# [PROBLEM TO WORK ON]
Begin at the line that has "RENAULT KANGOO 1.5", stop after the line that has "Guests visiting a", and print exactly those lines from the records below, without any pictures.

# [DATA SHOWN]
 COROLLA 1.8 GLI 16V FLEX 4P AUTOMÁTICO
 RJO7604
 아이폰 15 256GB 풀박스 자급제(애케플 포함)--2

* * *

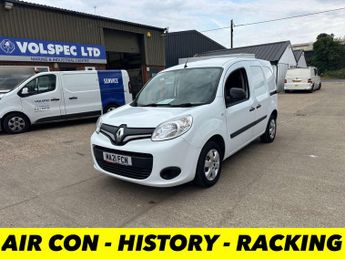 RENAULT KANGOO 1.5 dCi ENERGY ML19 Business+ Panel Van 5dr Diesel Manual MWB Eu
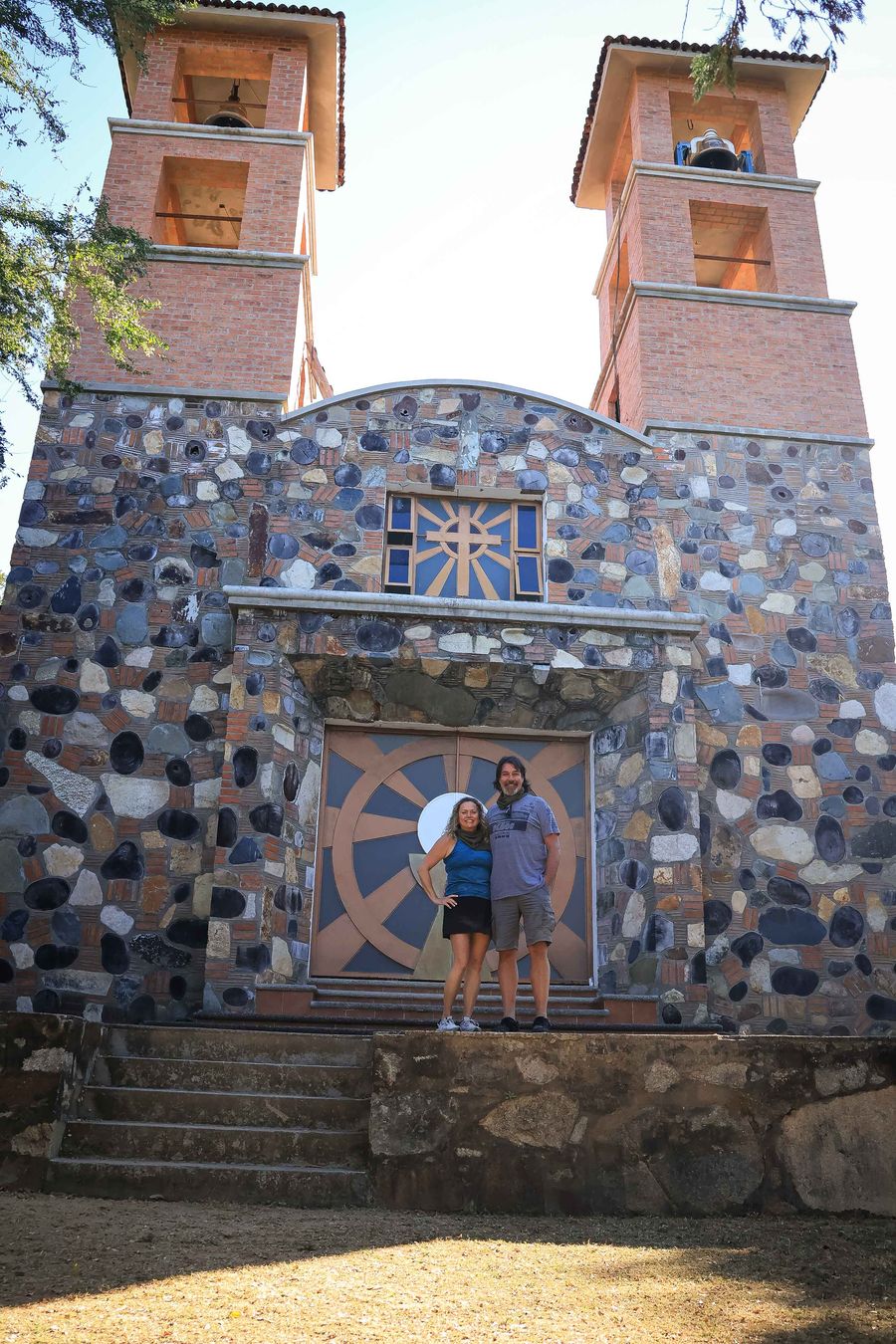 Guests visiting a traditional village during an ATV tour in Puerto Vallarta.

--

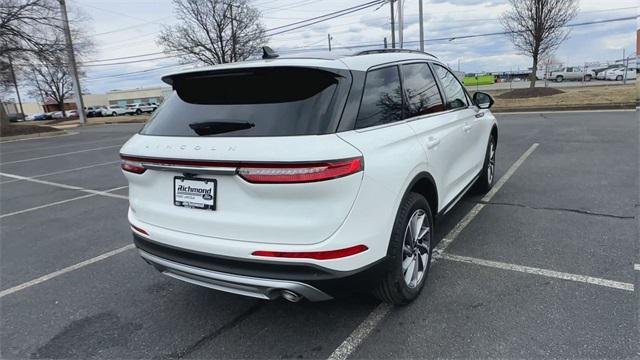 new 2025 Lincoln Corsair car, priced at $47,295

# [EXERCISE SOLUTION]
 RENAULT KANGOO 1.5 dCi ENERGY ML19 Business+ Panel Van 5dr Diesel Manual MWB Eu
 Guests visiting a traditional village during an ATV tour in Puerto Vallarta.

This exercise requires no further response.